# What needs to be done
Return every line of the data below exactly, but do not include the images.

# Short descriptive text snippets
----------

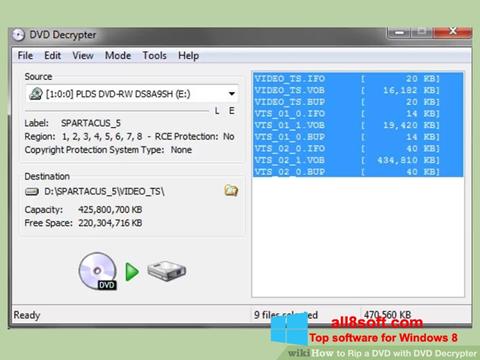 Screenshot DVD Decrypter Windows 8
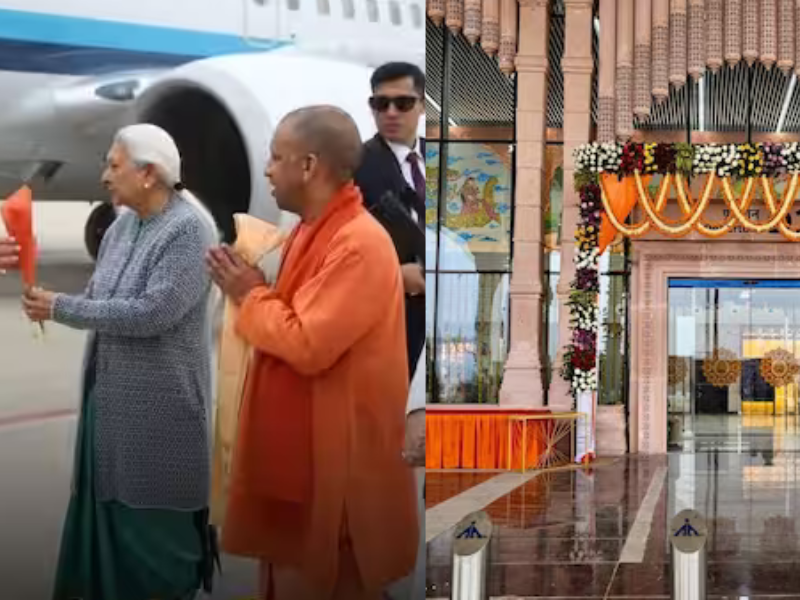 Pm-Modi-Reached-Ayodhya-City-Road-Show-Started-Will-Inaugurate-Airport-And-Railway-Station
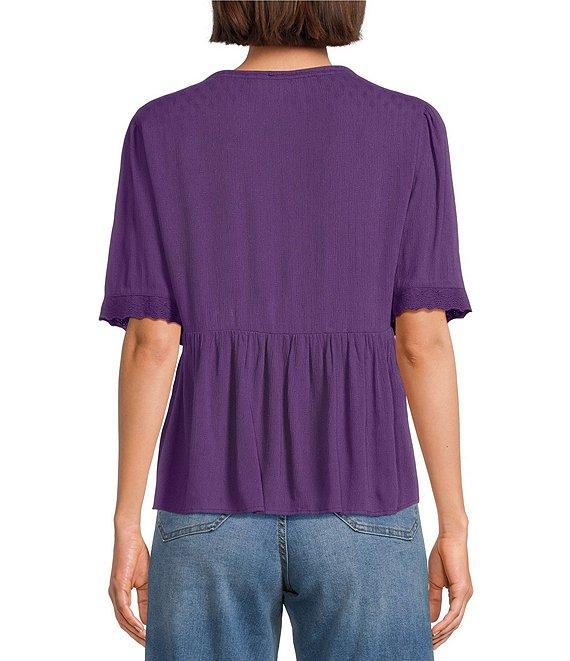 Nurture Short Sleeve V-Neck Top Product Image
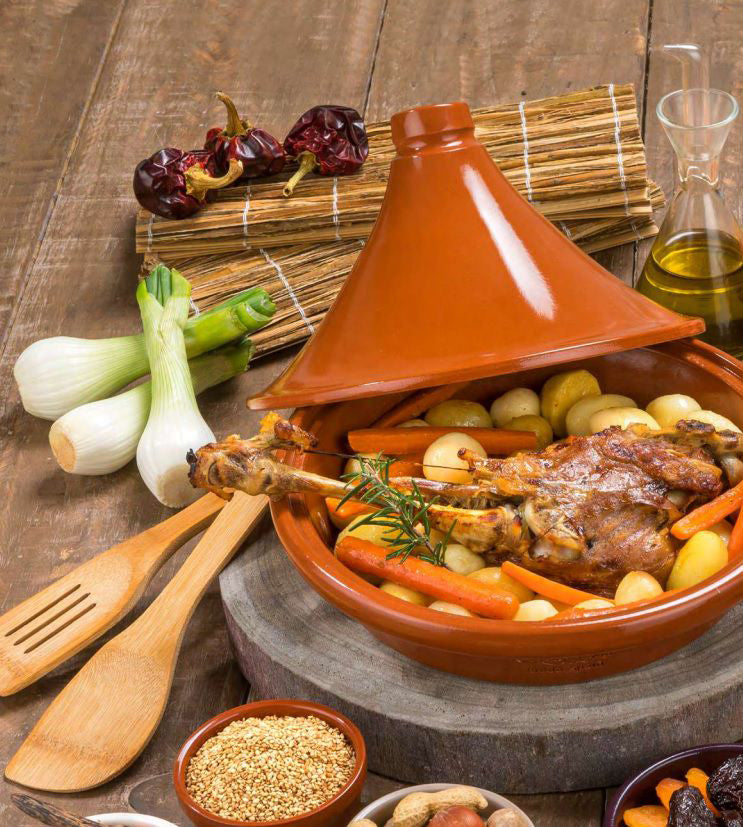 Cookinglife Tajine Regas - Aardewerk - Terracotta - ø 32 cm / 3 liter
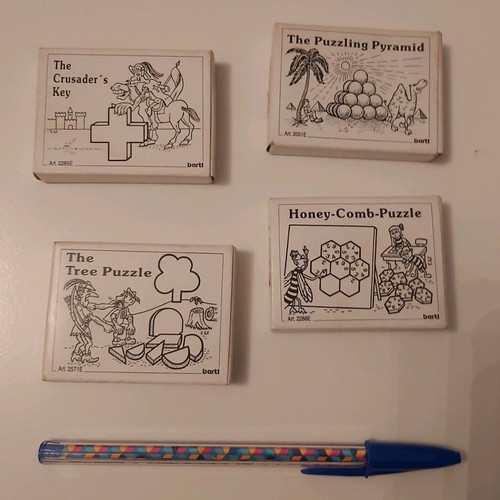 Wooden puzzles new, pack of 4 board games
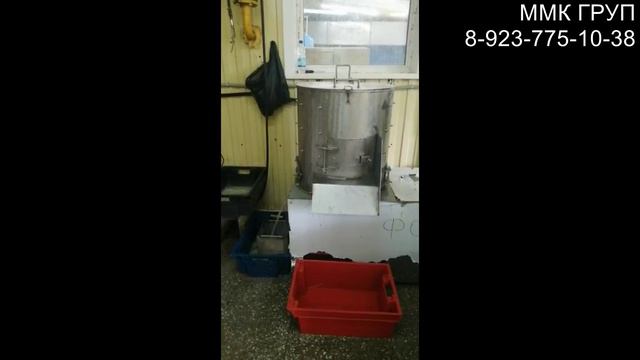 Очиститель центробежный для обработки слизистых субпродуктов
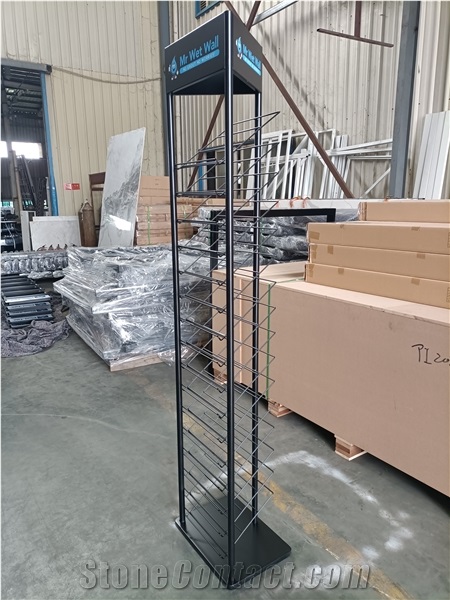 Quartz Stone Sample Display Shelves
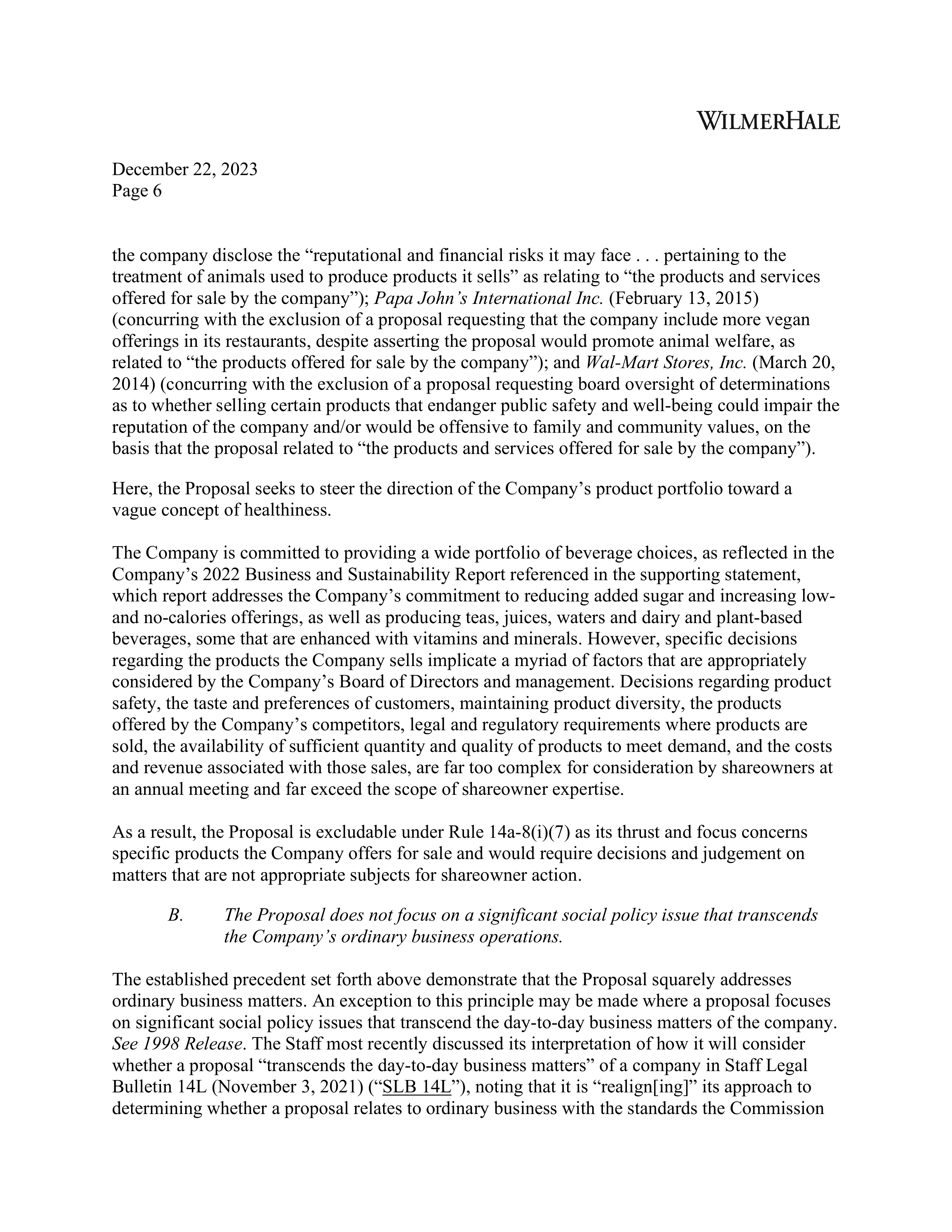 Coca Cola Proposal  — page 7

----------

# Written solution
 Screenshot DVD Decrypter Windows 8
 Pm-Modi-Reached-Ayodhya-City-Road-Show-Started-Will-Inaugurate-Airport-And-Railway-Station
 Nurture Short Sleeve V-Neck Top Product Image
 Cookinglife Tajine Regas - Aardewerk - Terracotta - ø 32 cm / 3 liter
 Wooden puzzles new, pack of 4 board games
 Очиститель центробежный для обработки слизистых субпродуктов
 Quartz Stone Sample Display Shelves
 Coca Cola Proposal  — page 7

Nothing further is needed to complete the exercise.